■ **EXERCISE REQUIREMENTS**:
The exercise calls for the lines from the one containing "Election des produits du BTP - MAT D'OR 2020" to the end of the data below to be output exactly, pictures excluded.

■ **DATA BELOW**:
▬▬▬▬▬▬
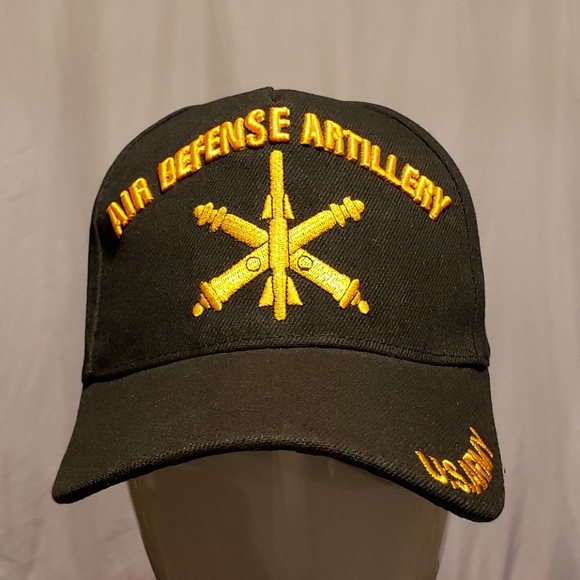 MILITARY AIR DEFENSE ARTILLERY Hat - Picture 1 of 4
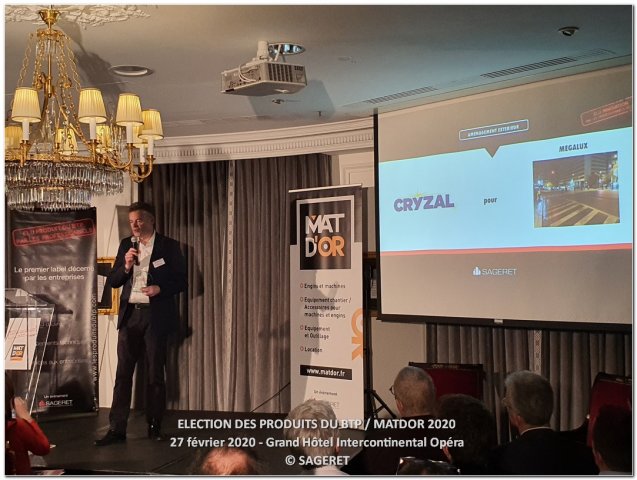 Election des produits du BTP - MAT D'OR 2020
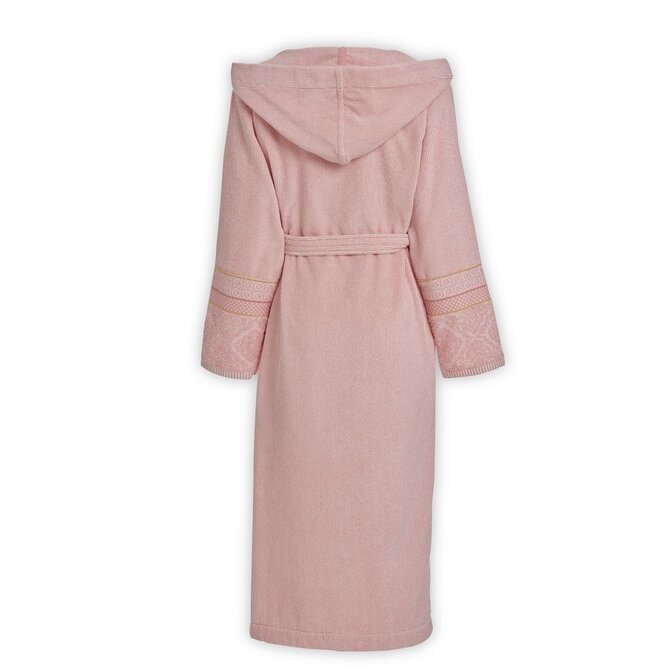 Pip Studio Soft Zellige Badjas - Roze XXL Pip Studio Soft Zellige Badjas - Roze XXL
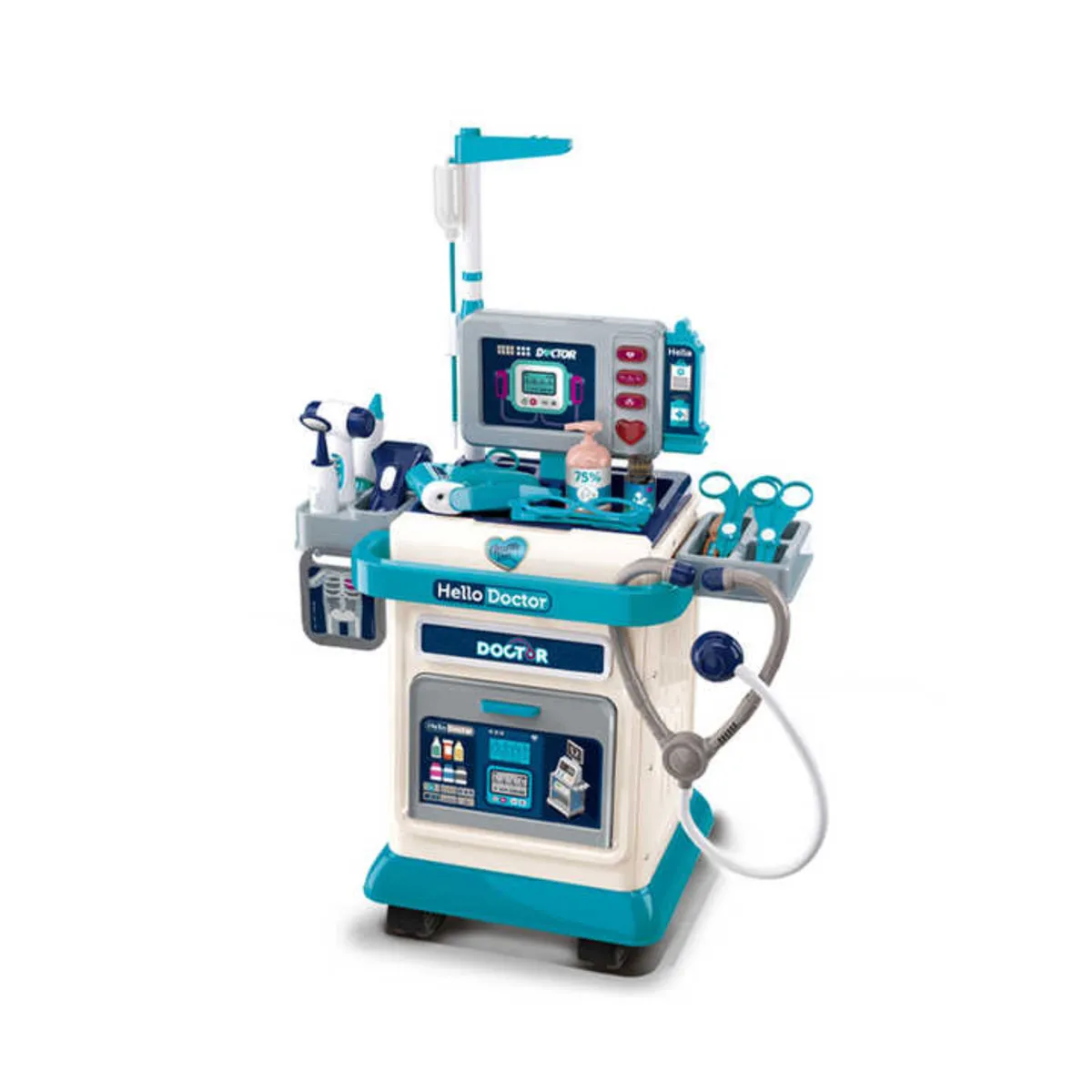 GENERICO - Set de Doctor Carrito Medico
▬▬▬▬▬▬
■ **YOUR RESPONSE**:
 Election des produits du BTP - MAT D'OR 2020
 Pip Studio Soft Zellige Badjas - Roze XXL Pip Studio Soft Zellige Badjas - Roze XXL
 GENERICO - Set de Doctor Carrito Medico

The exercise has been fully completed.